- [The task]:
Recreate the listing that follows line for line, without pictures.

Segment Start: Given material

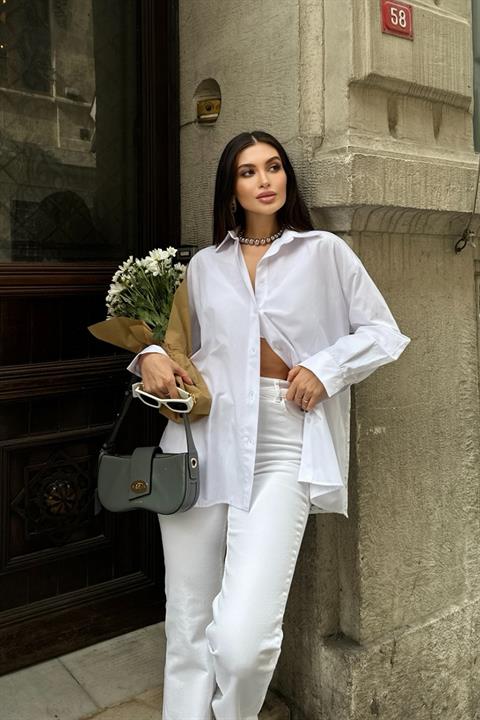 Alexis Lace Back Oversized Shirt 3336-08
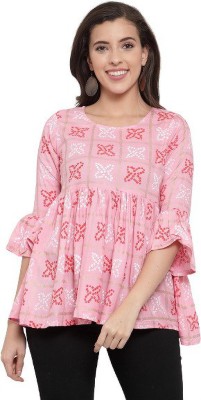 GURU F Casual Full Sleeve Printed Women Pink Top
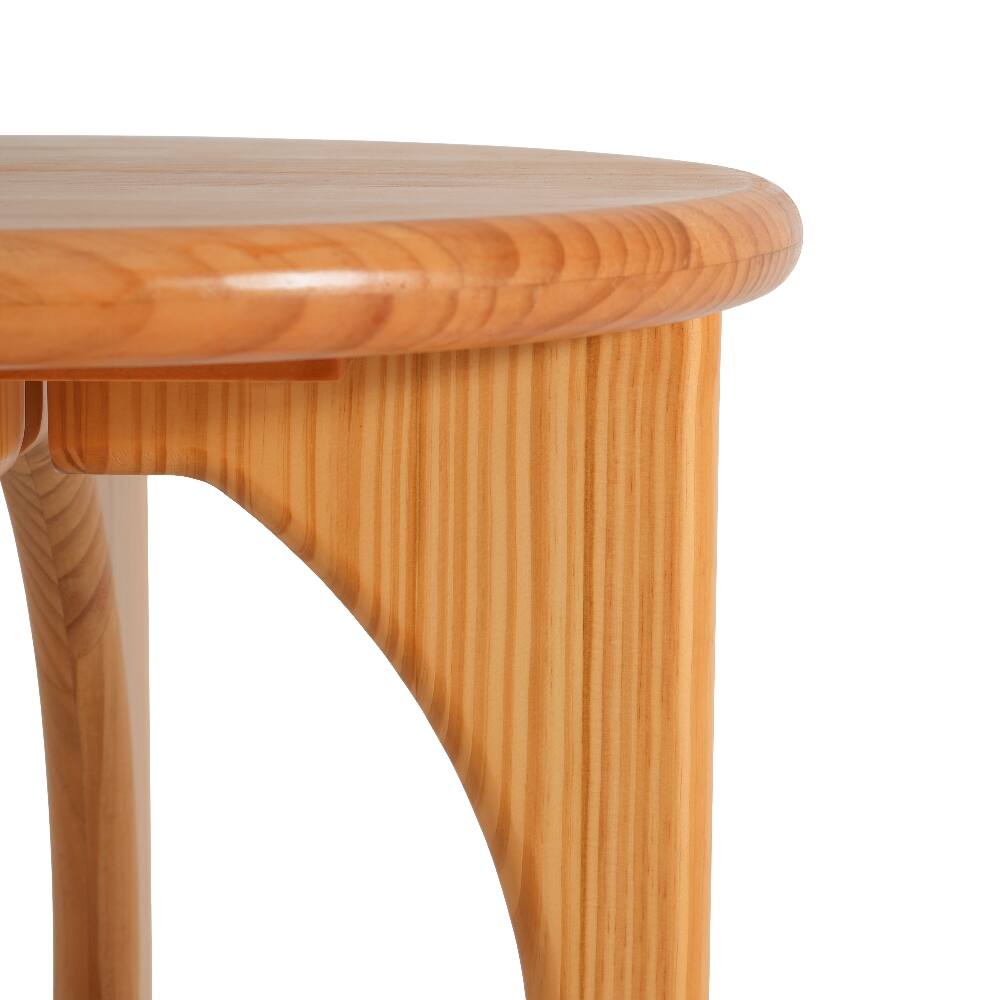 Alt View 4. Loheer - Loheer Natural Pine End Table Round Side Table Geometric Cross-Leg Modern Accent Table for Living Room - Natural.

Segment End: Given material

- [Response for this exercise]:
 Alexis Lace Back Oversized Shirt 3336-08
 GURU F Casual Full Sleeve Printed Women Pink Top
 Alt View 4. Loheer - Loheer Natural Pine End Table Round Side Table Geometric Cross-Leg Modern Accent Table for Living Room - Natural.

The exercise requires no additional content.